### EXERCISE AIM:
Transcribe exactly the stretch of lines beginning at the one containing "Pre-owned Prada Saffiano" and closing with the last line of the entries below. Omit images.

─── DATA EXTRACT

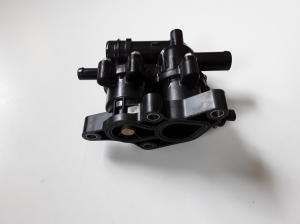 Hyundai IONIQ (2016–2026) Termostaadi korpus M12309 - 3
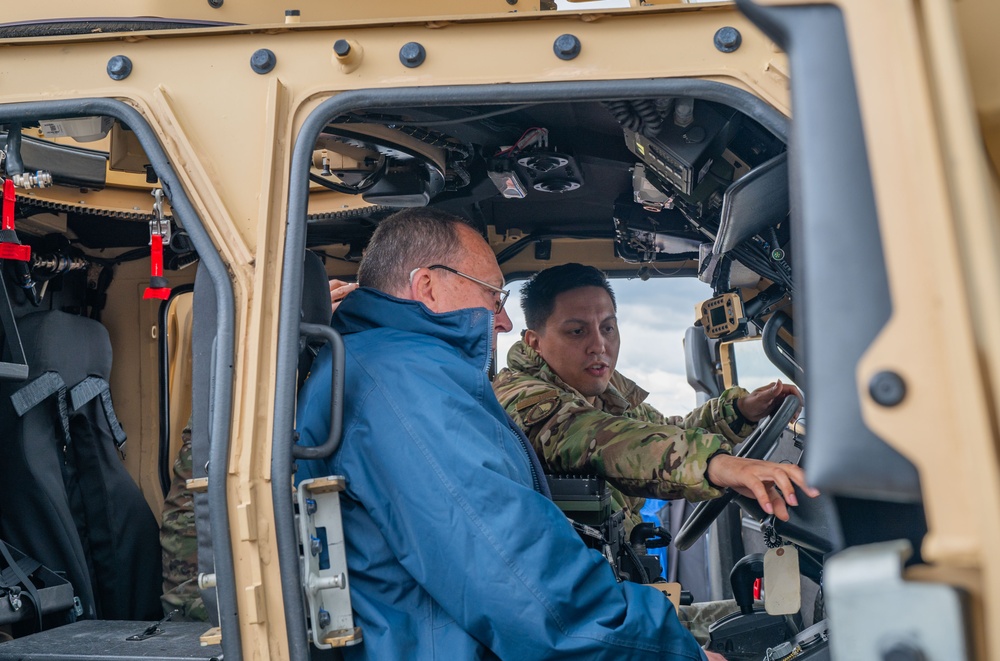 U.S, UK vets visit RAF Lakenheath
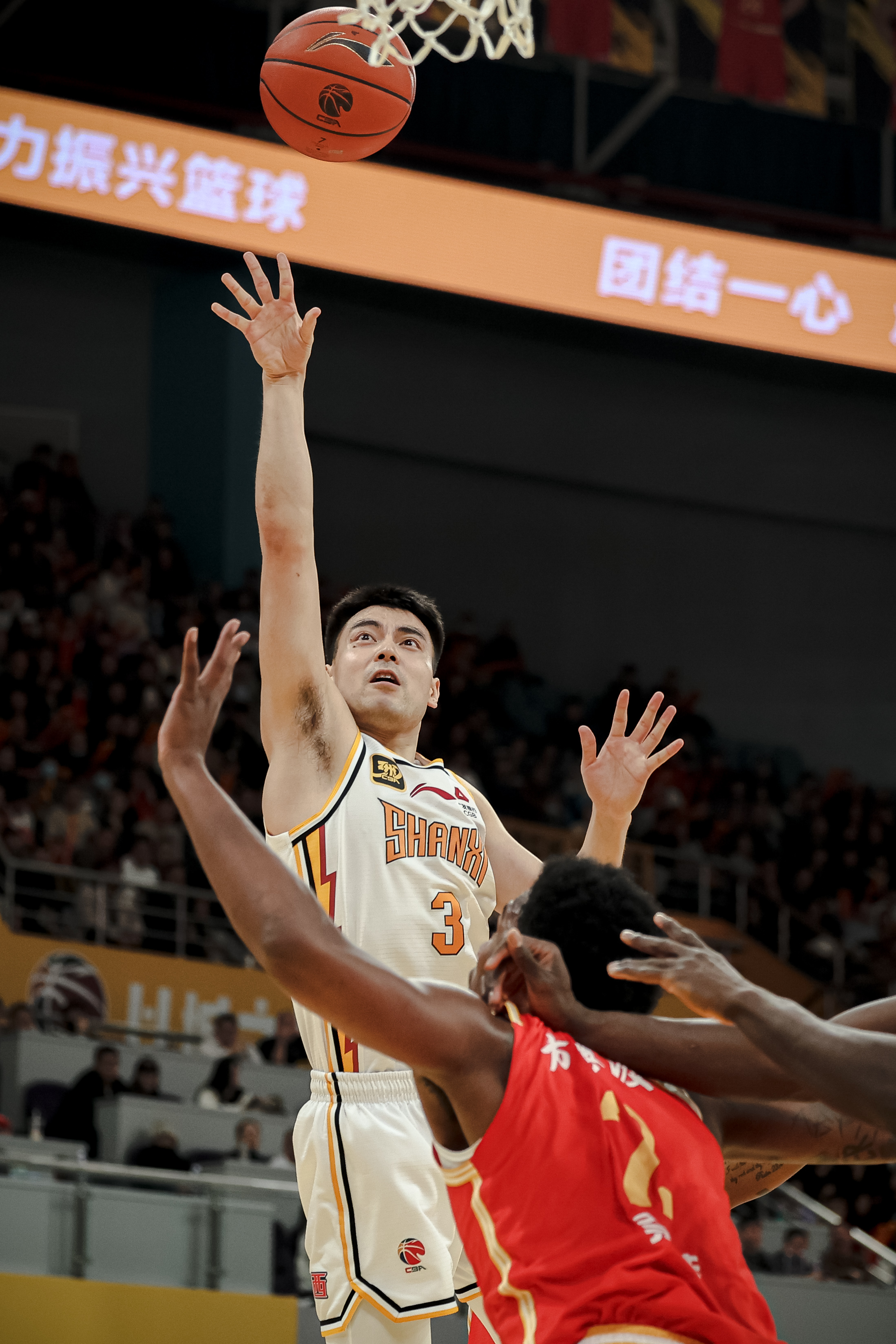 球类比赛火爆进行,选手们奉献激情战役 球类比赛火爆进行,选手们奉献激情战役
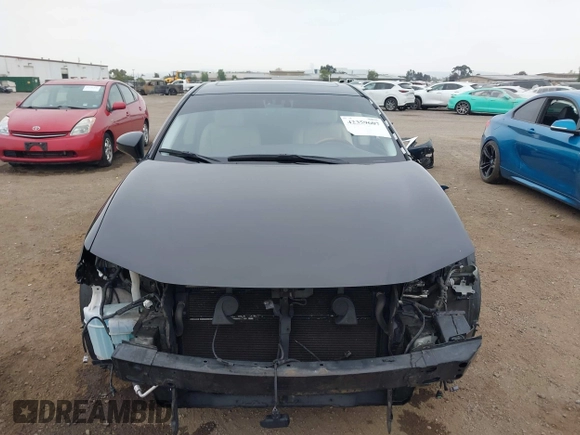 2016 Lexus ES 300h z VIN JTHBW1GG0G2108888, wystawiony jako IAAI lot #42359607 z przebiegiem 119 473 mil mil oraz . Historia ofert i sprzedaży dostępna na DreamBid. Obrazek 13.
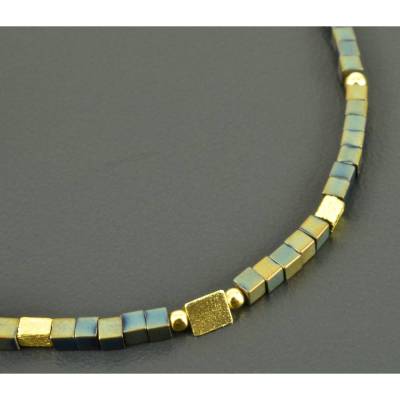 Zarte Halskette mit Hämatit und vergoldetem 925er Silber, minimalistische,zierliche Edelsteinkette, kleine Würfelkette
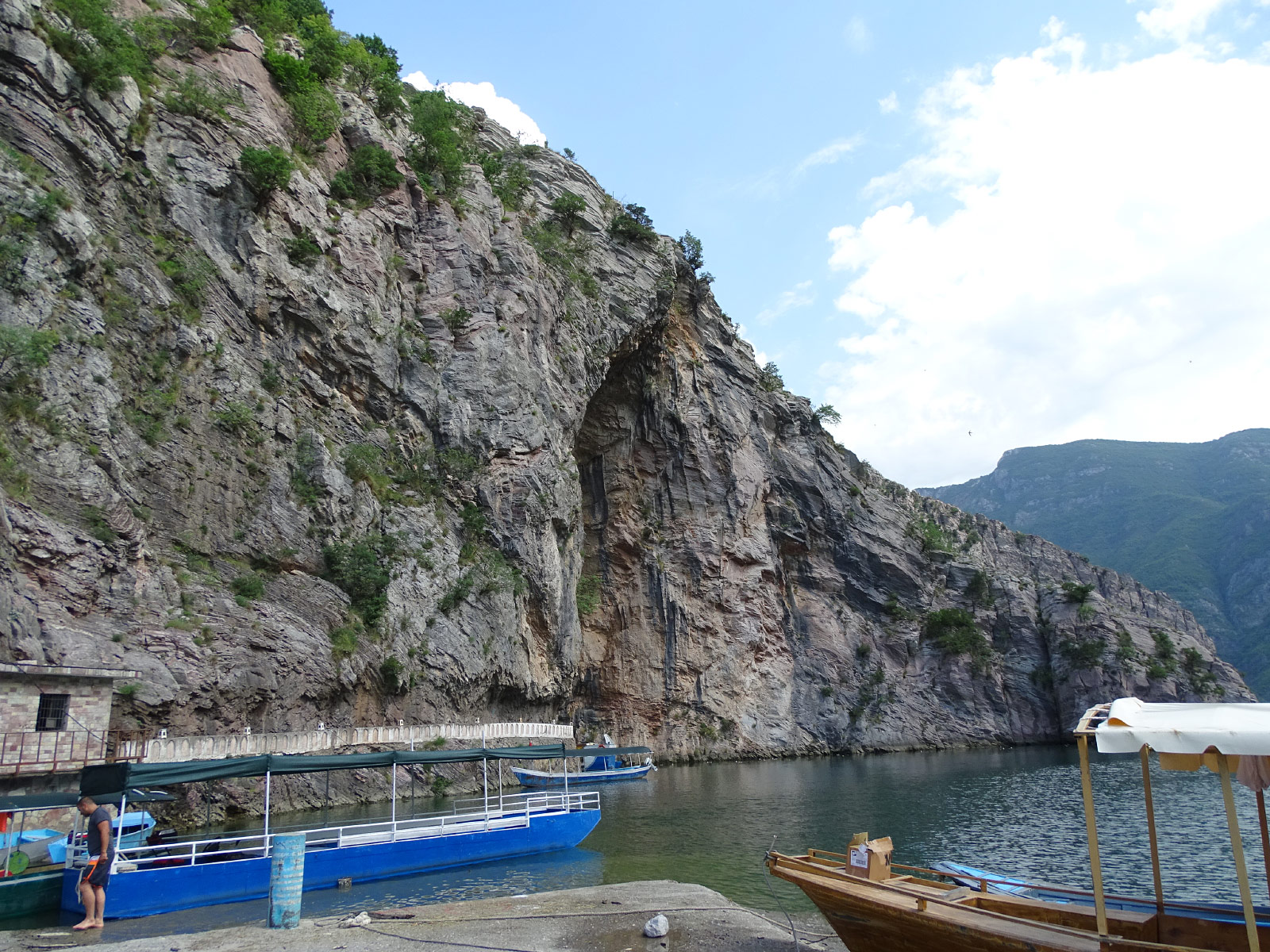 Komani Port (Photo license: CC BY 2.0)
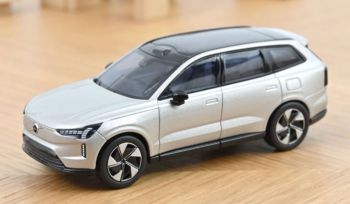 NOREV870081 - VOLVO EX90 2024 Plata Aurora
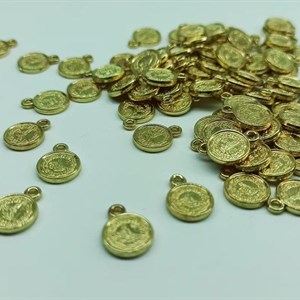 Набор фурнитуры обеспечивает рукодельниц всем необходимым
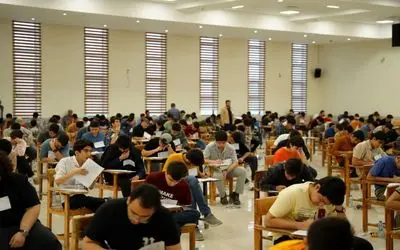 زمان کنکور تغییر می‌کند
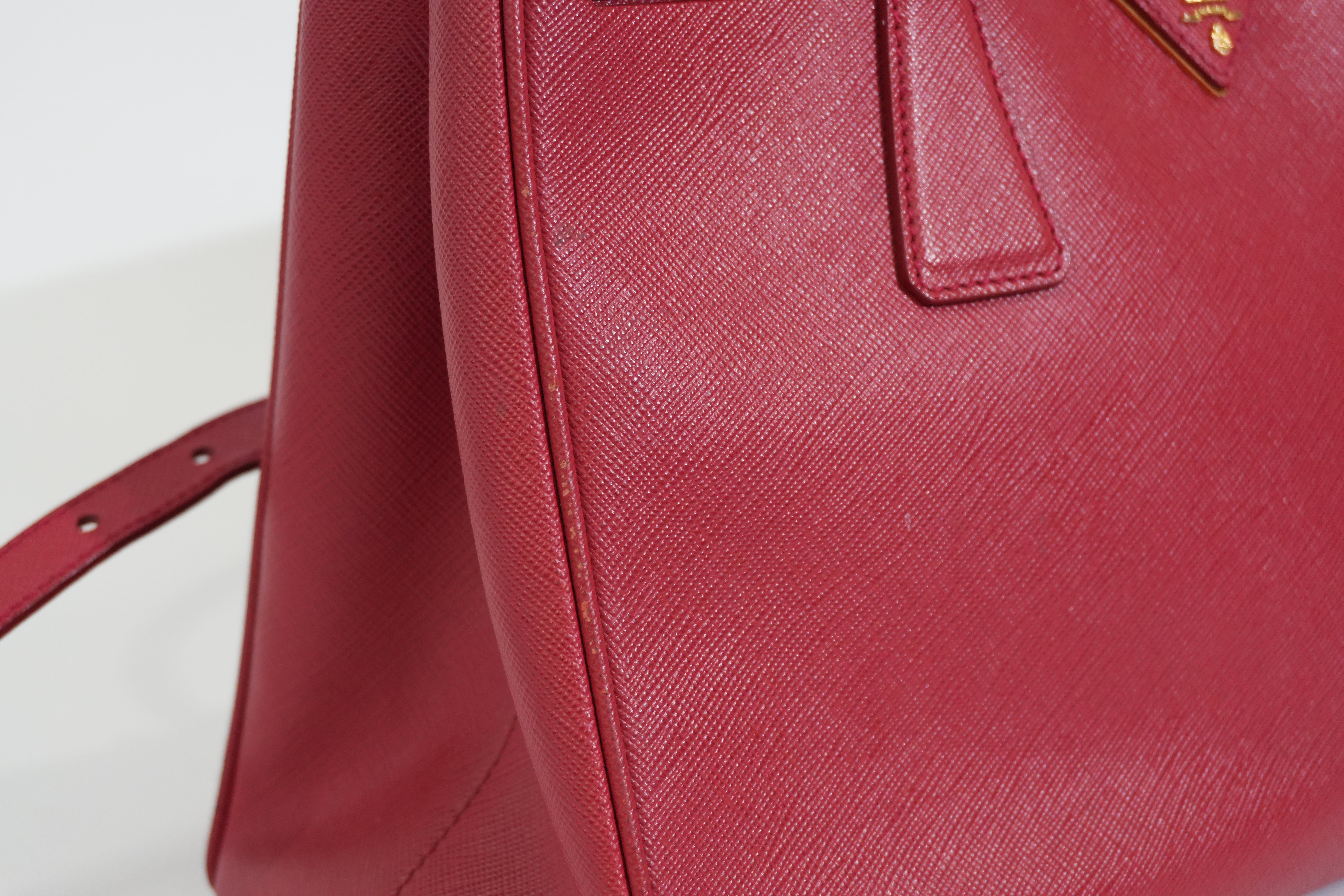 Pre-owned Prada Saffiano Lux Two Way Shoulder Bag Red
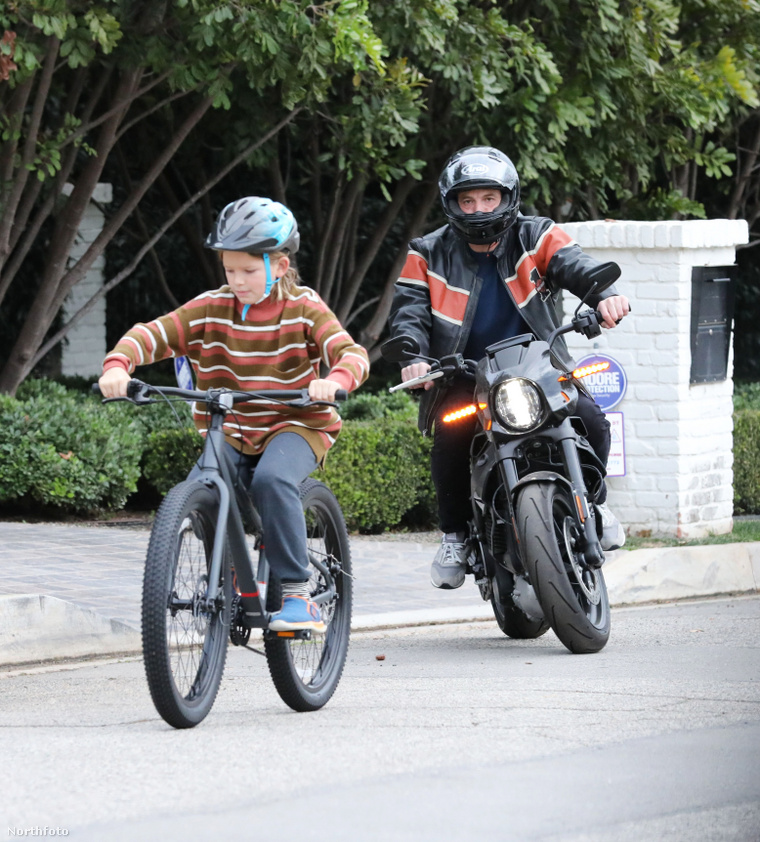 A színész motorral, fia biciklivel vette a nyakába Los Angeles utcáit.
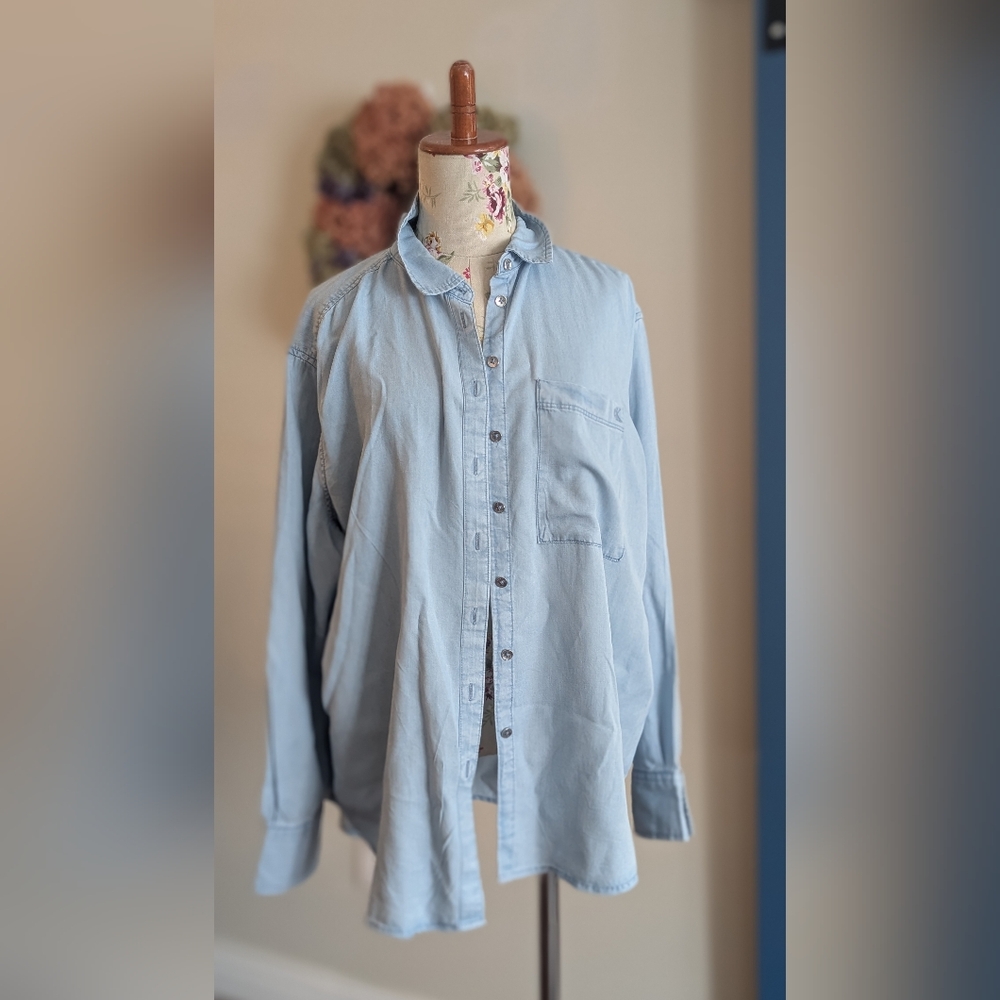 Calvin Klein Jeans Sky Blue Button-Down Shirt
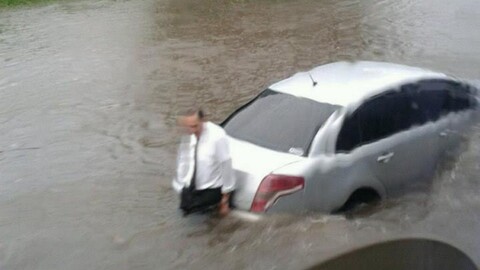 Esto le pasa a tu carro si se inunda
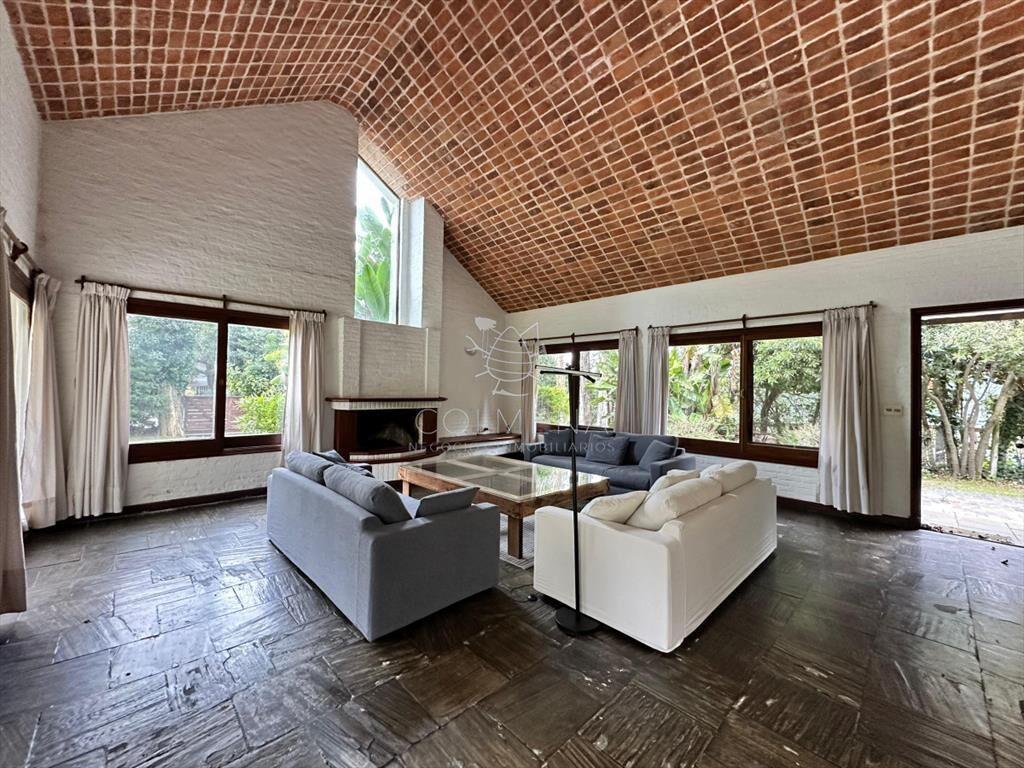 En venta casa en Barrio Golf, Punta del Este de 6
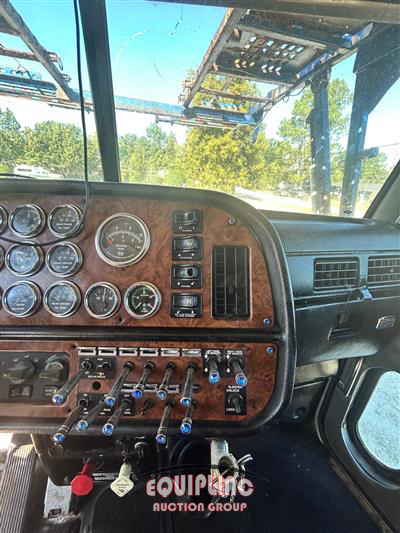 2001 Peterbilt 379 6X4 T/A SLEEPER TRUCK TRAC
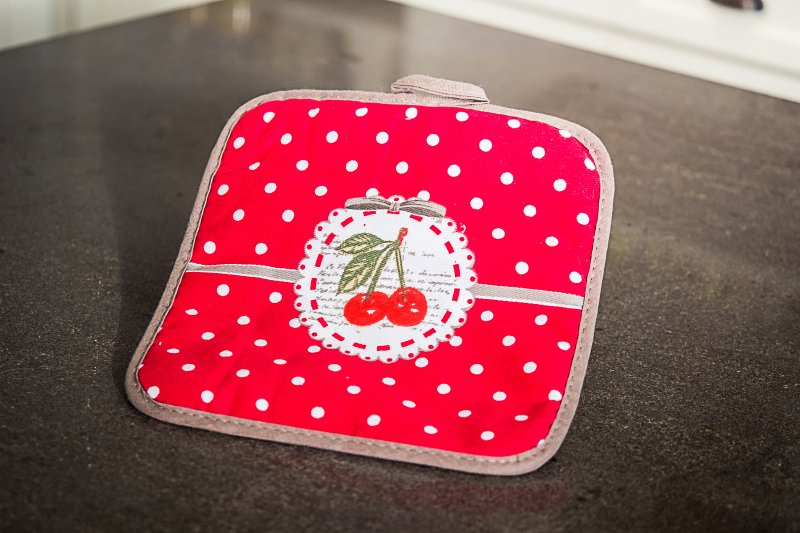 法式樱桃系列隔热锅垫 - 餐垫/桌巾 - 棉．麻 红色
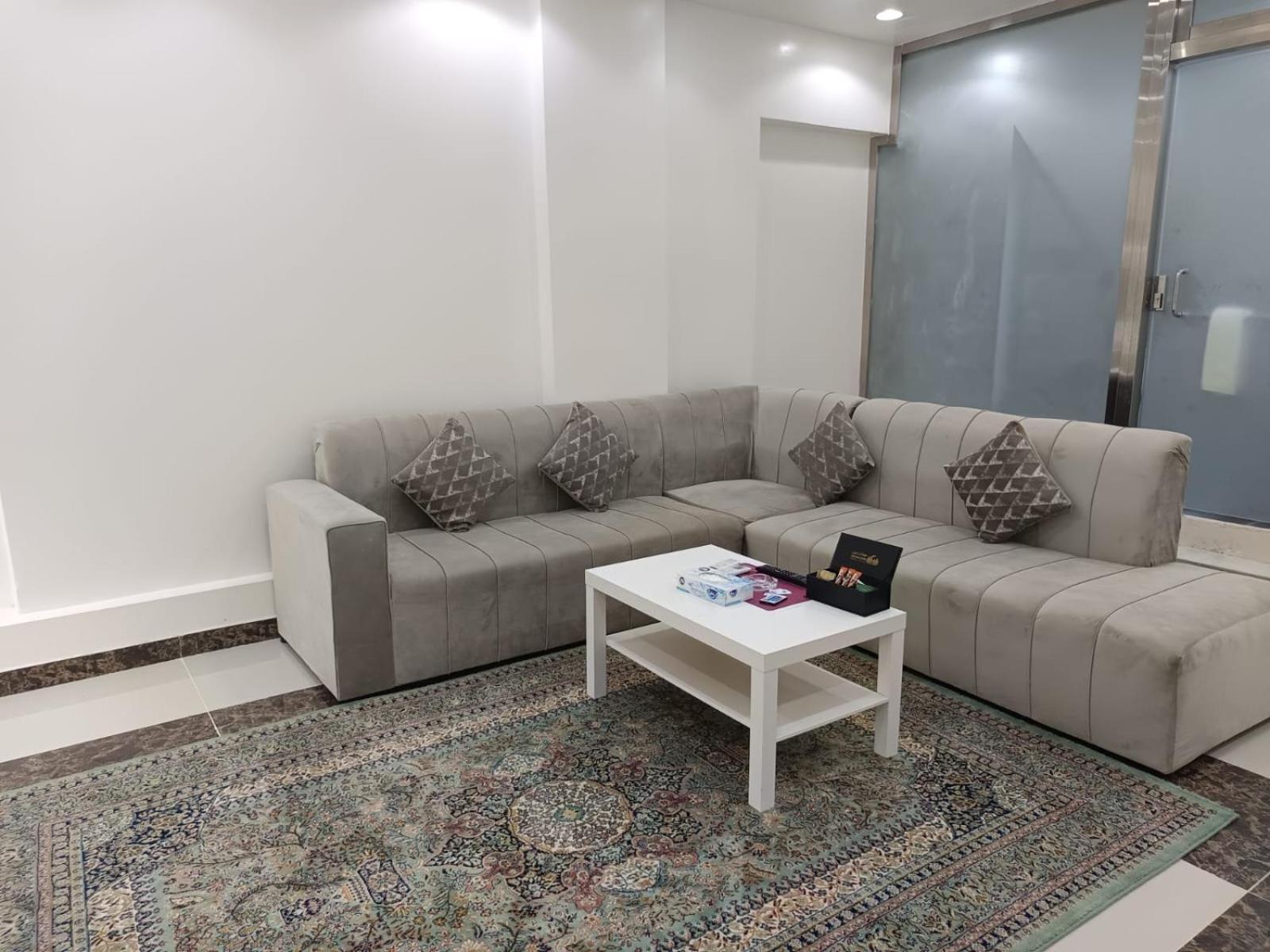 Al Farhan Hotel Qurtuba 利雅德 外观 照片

──────

### RESULT FOR THIS EXERCISE:
 Pre-owned Prada Saffiano Lux Two Way Shoulder Bag Red
 A színész motorral, fia biciklivel vette a nyakába Los Angeles utcáit.
 Calvin Klein Jeans Sky Blue Button-Down Shirt
 Esto le pasa a tu carro si se inunda
 En venta casa en Barrio Golf, Punta del Este de 6
 2001 Peterbilt 379 6X4 T/A SLEEPER TRUCK TRAC
 法式樱桃系列隔热锅垫 - 餐垫/桌巾 - 棉．麻 红色
 Al Farhan Hotel Qurtuba 利雅德 外观 照片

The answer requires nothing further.